A blog about beer and/or advertising.

Let's call it "beervertising" for short.

That's not really all that short, but it's better than beer and/or advertising.

Tuesday, July 12, 2011

International Brand Manager (DB)

Everyone I work for is German. Our client is German. And thus, the International Brand Manager for said client is also German.

Combined, between all of them, I do very much believe that my 2-ish years working in advertising in America trumps their entire experience with American advertising. At the least, I know I've been at this longer than the International Brand Manager (IBM, I'm getting lazy). He got his start in sales (apparently), and was then moved from sales to brand management. And it shows.

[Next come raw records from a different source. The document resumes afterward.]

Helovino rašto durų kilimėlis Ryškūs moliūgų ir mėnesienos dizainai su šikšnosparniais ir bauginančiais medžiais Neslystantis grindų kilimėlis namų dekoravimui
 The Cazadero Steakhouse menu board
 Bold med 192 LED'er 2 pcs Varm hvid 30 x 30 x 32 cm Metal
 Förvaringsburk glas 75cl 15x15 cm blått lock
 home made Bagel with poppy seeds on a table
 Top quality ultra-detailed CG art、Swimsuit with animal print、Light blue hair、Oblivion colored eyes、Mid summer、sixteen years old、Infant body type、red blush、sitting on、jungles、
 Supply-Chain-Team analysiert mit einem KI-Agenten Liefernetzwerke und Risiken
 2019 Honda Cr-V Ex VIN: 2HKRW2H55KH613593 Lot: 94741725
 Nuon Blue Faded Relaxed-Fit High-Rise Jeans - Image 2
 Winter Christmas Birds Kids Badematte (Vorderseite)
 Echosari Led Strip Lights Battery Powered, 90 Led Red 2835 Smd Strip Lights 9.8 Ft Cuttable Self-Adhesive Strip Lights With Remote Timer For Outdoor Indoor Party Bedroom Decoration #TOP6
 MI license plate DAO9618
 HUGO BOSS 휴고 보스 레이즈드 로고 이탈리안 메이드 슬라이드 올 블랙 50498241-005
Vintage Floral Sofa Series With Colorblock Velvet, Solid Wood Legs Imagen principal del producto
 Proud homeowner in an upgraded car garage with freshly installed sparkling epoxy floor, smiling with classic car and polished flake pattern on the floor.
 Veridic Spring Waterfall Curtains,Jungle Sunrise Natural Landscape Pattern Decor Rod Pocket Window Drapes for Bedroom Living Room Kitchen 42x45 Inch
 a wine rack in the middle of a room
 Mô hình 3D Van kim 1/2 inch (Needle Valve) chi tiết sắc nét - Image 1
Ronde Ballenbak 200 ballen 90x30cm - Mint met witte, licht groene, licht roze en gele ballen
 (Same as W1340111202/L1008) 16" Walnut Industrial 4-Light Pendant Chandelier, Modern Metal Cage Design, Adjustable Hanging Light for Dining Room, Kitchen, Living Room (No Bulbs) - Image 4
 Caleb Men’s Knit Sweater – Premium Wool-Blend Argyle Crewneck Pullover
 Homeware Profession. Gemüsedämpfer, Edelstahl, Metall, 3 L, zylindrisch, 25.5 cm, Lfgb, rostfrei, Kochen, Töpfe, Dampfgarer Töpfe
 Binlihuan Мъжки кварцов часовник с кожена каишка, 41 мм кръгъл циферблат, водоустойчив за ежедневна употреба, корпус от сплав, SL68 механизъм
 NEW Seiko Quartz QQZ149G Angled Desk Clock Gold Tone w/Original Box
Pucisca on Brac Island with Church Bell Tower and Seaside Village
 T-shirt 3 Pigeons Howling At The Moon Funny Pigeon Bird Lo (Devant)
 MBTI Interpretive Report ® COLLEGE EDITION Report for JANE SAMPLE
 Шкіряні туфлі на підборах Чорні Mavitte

His work experience aside, I often find that I am being told by individuals who have about the same amount of experience as I do working in American advertising, perhaps less, how advertising works in America and that what I know, what I have learned, what I have studied and what I have experienced in my 26 years (Happy Birthday to me!) living in the USA is wrong.

Admittedly, these same individuals do have more total experience in advertising. But that's in Germany. And if I have learned anything from my time here, it's that what flies in Germany and what flies in America are often not the same. I could be wrong. I probably am. Mostly because I am of the ideal that excellent work can transcend language, sometimes. In fact, it is not easy. At all. Aside from language, there are cultural differences. Historical differences. Pop culture differences. Anthropological differences. The drinking culture in America is not the same as the one in Germany. Being a beer fanatic, I know this intimately. Yet, most days I am forced to apply a logic to the work that I do that makes absolutely no sense to me. I've fought back. I've tried to stand my ground. And every time, I lose.

And so I pose this question: Why is it so hard for those who have no idea what they are doing admit that they have no idea what they are doing and trust someone who does?

Don't get me wrong. I am still very inexperienced. But I do know a bit. A little bit. A tiny bit. But when it comes to things I know little about, I consult an expert. Perhaps several. And then I listen. I learn. I trust. These people are experts. They make their living knowing a lot about one thing and then accepting money in exchange for sharing that knowledge (intellectual hookers?). When my dog went off the hinges, I hired a trainer because I'm not a dog training expert. If my pipes exploded in my apartment, I would hire a plumber; someone I would assume is an expert with pipes. I am becoming an expert in writing for advertising. It's what I have been studying and working at for the last seven or eight years of my life. I can't survive unless I excel at it and maintain a level of relevancy. So, why is it so hard to listen once in a while?